Coates, Ta-Nehisi. Between the World and Me. Spiegel & Grau. 2015.
Coates writes this as a letter to his son, about the issue of race in the U.S., for African-American young men in particular. Powerful, sad, and important.

Kim, Suki. Without You There is No Us: My Time with the Sons of North Korea’s Elite. Crown. 2014.
Kim spent 6 months teaching English to bright young North Korean teens, astonished at their isolation from the outside world and their acquiescence in the system that perpetuates their ignorance. Riveting stuff.

Lightman, Alan. Screening Room: Family Pictures. Pantheon. 2015.
A lovely lyrical and impressionistic memoir of the author’s Memphis family from the 1930s to the 1960s. Lightman’s grandfather was a movie theater impresario, a larger-than-life figure whose influence is still strong, years after his death.

Sacks, Oliver. On the Move: A Life. Knopf. 2015.
I’ve read Sacks’s books for years but had no idea that he rode motorcycles, was a serious weight lifter, and a sometime drug addict. This is a very personal glimpse into his life, and worth every page. Humorous and touching, especially in light of his awareness of his imminent death.

Deen, Shulem. All Who Go Do Not Return. Graywolf, 2015.
Deen bares his soul in this memoir of his childhood and young adulthood in a strict Hasidic community and his growing realization that he had to leave. A fascinating insider’s look at an unusual way of life. Over the years I’ve read a number of memoirs on this subject; this is by far the best.

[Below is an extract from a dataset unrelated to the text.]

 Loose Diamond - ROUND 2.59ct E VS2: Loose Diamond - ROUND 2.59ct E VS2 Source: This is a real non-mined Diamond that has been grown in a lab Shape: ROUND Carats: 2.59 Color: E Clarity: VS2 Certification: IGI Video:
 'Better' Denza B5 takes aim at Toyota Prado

Macdonald, Helen. H is for Hawk. Grove/Atlantic. 2015.
When Macdonald’s father died, she was particularly bereft and decided to tame a goshawk, the wildest of the falcons, in an effort to tame her own grief. More than a bereavement memoir, this is nature writing at its best.

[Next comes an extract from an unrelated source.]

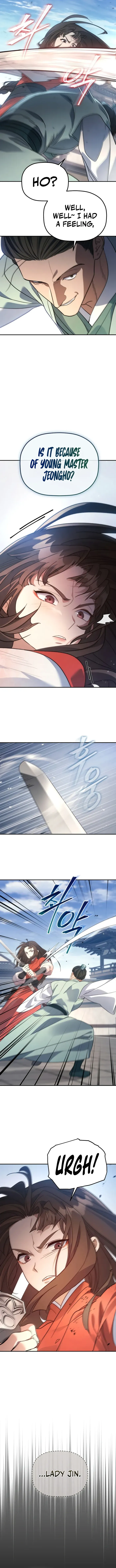 The Youngest Son of the Eunhae Merchant Group Chapter 57 page 7 -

Fuller, Alexandra. Leaving Before the Rains Come. Penguin. 2015. 
I’ve read all of Fuller’s memoirs, starting with the hilarious and touching Don’t Let’s Go to the Dogs Tonight; this latest one may be the best. It traces the rise and fall of her marriage to an American and the ways that her unorthodox childhood in Africa affect her relationship with her husband and her own efforts to find contentment.

Gornick, Vivian. Emma Goldman: Revolution as a Way of Life. Yale Univ. Pr., 2011.
Gornick applies her own brand of insight and investigation into the life and motives of Red Emma, the complex and contradictory anarchist.

Klein, Naomi. This Changes Everything: Capitalism vs The Climate. Simon & Schuster. 2014.
Klein gives us the bad news: the global free market economy is killing our planet and international trade agreements now take precedence over national laws. Important reading, not for the gloom-and-doom, but for her ideas about how we can make changes.

O’Neill, Joseph. Blood-Dark Track: A Family History. Knopf/Doubleday. 2011.
O’Neill probes his Turkish and Irish ancestry, giving us not just the unusual, colorful personalities, but the social and political history that influenced–and upended–their lives. If you enjoyed Out of Egypt by Andre Aciman or She Left Me the Gun, by Emma Brockes, you’ll find this irresistible.

…and I’ve been listening to Doris Kearns Goodwin’s The Bully Pulpit: Theodore Roosevelt, William Howard Taft, and the Golden Age of Journalism. Simon & Schuster, 2013. What a great story Goodwin tells and there’s so much relevance for the issues we struggle with today in politics and journalism. Her writing keeps it all lively and engrossing and the reader, Edward Herrmann does a great job of varying his voice and emphasis to keep the sentences interesting.